Gundato: The problem is, a lot of stores have customers who have been there longer than the employees. I don't know how it is where you live, but around here we have a pretty high turnover rate for retail, at least at this level (items with potential for commission have a lot less turnover). So while it is all fine and good to give your 20-year customer special privileges, how the hell are the employees going to know that? :p
DarrkPhoenix: You seem to have mistaken my example of one thing that might be taken into account when considering a refund with the totality of things that should be considered. Hopefully that misconception is now corrected.
Gundato: The things that work great for a small store don't work for the large chains. Steam is a large chain, as far as that is concerned.
As such, it is much easier to just do blanket policies.
Of course it's easier. That says nothing of the policy's effect on business.
Gundato: And you suggest handling case-by-case approaches. Okay, that is great. But what constitutes a refund? Someone might buy a 4x game and have no idea what is going on, and want a refund. They might even say "this game doesn't work", because they have no freaking idea what to do (I feel similar things when playing Armageddon Empires :p). But someone might have bought the CD-version of THe Bard's Tale and realized it doesn't support Vista. Same statement.
That's where something called "judgment" comes into play. It's easy to come up with all sorts of excuses as to why you supposedly can't do something, as your posts routinely demonstrate. There will always be various problems, things that are tricky to get right, mistakes that will be made, judgments that will turn out to be wrong. So what? What needs to be considered is not whether a new system will be perfect or capable of dealing properly with every situation that comes along, but whether it will be better than the system currently in place. People have an amazing ability to talk themselves into inaction by considering everything that could go wrong with a new plan of action, while ignoring all the things that are wrong with the current plan of action.
Gundato: It is a losing battle, plain and simple. Support your small stores, they can do this stuff. But the chains can't, and they really have no reason to do so for something that turns as small a per-item profit as a video game. They lose a customer? Well, first off, they probably didn't (EVERYONE claims they are boycotting stores, then come back next week :p). And even if they did, so what? Most people aren't going to have any problems, or at least won't demand a refund over a bug.
If a store does the actual analysis and determines that a blanket "no refunds" policy and the number of lost customers it results in will cost them less than taking a nuanced policy then I really can't argue with that choice. Of course the question is always whether that is actually the case, or if it's just laziness and avoidance of personal responsibility winning over what's actually the better business strategy. And beyond all of that there's still the simple reality of the situation. If customers don't like the way a store does business some of them will stop buying from the store (even if many just whine but then keep on buying). It doesn't matter what kind of justifications there are for why the store has to do business a certain way, if the customer doesn't like it and thus decides to take their business elsewhere then that's that (which is basically what this thread was about to begin with).
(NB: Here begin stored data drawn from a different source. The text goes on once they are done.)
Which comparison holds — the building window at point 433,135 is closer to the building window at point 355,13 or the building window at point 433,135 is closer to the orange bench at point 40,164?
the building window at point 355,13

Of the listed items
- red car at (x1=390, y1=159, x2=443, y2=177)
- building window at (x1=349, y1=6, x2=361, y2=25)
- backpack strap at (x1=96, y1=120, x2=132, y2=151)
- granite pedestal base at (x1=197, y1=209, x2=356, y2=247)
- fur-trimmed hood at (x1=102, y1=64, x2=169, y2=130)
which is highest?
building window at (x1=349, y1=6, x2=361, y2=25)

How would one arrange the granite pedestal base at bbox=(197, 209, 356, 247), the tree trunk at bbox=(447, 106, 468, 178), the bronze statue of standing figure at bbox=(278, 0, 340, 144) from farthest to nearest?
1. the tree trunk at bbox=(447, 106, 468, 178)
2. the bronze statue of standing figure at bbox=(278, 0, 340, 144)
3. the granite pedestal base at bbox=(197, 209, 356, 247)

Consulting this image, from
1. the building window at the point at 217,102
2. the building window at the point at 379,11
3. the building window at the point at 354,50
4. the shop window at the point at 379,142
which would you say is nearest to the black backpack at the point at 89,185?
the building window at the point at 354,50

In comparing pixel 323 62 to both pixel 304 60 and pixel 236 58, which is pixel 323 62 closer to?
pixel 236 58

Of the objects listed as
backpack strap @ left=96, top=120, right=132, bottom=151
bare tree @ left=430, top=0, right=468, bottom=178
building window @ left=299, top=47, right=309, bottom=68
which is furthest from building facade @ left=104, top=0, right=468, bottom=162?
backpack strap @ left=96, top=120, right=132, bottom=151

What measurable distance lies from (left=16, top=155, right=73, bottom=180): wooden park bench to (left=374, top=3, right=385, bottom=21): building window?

Statements of "it's not their fault" or "this is the best they can do" become completely meaningless within this context.
Oy.
For the first point: Apologies, but I can only counter the arguments you present, not the ones you don't.
For the second: Do you have a solution to that problem? If the entire policy is "play it by ear", you become dependent upon people with minimal training who will probably go get a new job in a few weeks. If you want to train them, then you need to make sure they learn what counts as return-worthy and what doesn't. Which brings us to: what counts as return-worthy?
I never argue that something needs to be fool-proof to be enacted. I merely argue that it must be practical and not introduce more problems than it solves. In this case, it potentially solves the problem of disgruntled customers (well, very specific classes of disgruntled customers), but introduces problems in enacting this to solve the problems for those very specific classes of disgruntled customers.
As for the third: Fully agree that it is up to the store/business. But why must we assume that the economically competent stores that have been in business for decades are mad and just throwing pointless edicts down from a mountain? Maybe, just maybe, they already did these evaluations.
Will some customers be lost? Yup. But some customers are going to be lost no matter what. You can NEVER have 100% approval rates. If we managed to develop some incredibly perfect system that will make every single person content with the results (even if they can't get their refund), you still are going to annoy the people who don't want to go through that process. Maybe they'll just get annoyed because it doesn't work (sort of like the topic creator, who seems to feel it is Steam's responsibility to write patches :p).
See, this is where that little something called "judgement" comes into play. It's easy to come up with all sorts of excuses as to why you supposedly should do something, as your posts routinely demonstrate. There will always be various disgruntled people who can benefit from new systems. So what? What needs to be considered is not whether a new system will increase the approval ratings of certain demographics, but instead whether the new system will have a noticeable impact on the big picture, and if said impact is worth the hassle. People have an amazing ability to talk themselves into action by considering everything that could go right with a new plan of action, while ignoring all the things that can go wrong with the future plan of action (and all the things that are right with the current plan of action).